The B's played a fantastic Game 1 in Philadelphia, winning 7-3. The Bruins scored just 17 goals in seven games against the Canadiens so they are off to a great offensive start in Round 2. The biggest difference between Game 1 on Saturday and the Montreal series was goaltending. Montreal's Carey Price repeatedly robbed the Bruins on point-blank shots. Brian Boucher, on the other hand, was not nearly as sharp and gave up a couple of soft goals. The Bruins were getting a great rush from all four lines. David Kreci, who was quiet in the Montreal series, exploded for four points. The Bruins also did a pretty good job on the penalty kill. Philly did score once with the man advantage but I did not feel that the Flyers were as dangerous on the power play as the Canadiens were in the first round.
The Bruins are dominating at full strength (+12 in the playoffs) and doing a decent job on the penalty kill (86% if you exclude the 5-on-3 advantages and the de facto 5-on-3 where Paille lost his stick on the Montreal power play). The bad news for the Bruins continues to be the power play. They are now an incredible 0-for-26 with the man advantage in the postseason. What's most disturbing is that opposing teams are getting better chances on the Boston power play than the Bruins are. Some of Philly's best scoring chances on Saturday were on the Boston power play. Montreal scored a shorthanded goal in Game 7 that could have easily cost the Bruins their season. Part of me wishes the Bruins could decline the penalty like they do in the NFL.
Road teams continue to perform very well in the NHL playoffs.

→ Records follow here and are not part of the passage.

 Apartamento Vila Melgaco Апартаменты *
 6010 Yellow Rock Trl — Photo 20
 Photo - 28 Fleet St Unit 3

Home teams are just 25-30 in this year's playoffs.
The Celtics second round opener was quite the opposite of the Bruins' domination. It's was a "Murphy's Law" game for the Celtics. They came out rusty (16 points in the first 16 minutes). Rondo got in foul trouble and missed most of the first half. They were victimized by bad officiating. They gave up several points on technicals. James Jones (5.9 points per game) scored 25. Paul Pierce was kicked out of the game. I could go on. The only good news was Ray Allen, who wasted a spectacular game. If there is a silver lining it is this: just about everything went wrong and James Jones had a career game yet the Celtics still lost by just 9 points. Miami was clearly the better team yesterday, but Game 1 did not convince me that Miami is the better team.

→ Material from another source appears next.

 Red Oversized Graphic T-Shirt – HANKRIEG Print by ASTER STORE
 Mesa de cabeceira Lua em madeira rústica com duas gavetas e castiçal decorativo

In addition to being rusty, the Celtics looked a little too excitable yesterday. Rondo was out of control with the ball and his silly breakaway foul on LeBron disrupted his flow and cost the Celtics in the first half. Pierce looked half asleep in the first half and though he played a great second half, he couldn't maintain his composure. He shouldn't have been thrown out but he also shouldn't have let it get to that point. Garnett disappeared early. For the Celtics to win Game 2, they are going to need a more business-like effort. No silly fouls, no crazy passes, no dribbling off their own feet, no trash talking. I'm confident that Doc will make sure his team has the right attitude going into Game 2.
Keys to the game: (1) Keep Rondo on the floor. The Celtics were +7 on Sunday with Rajon in the game, -16 otherwise. (2) Stay on James Jones. There is no reason for a bench player like that to score 25 points or anything close to it. (3) Get Garnett back on track. KG had an up and down series with New York. The Celtics need the impactful KG in Game 2.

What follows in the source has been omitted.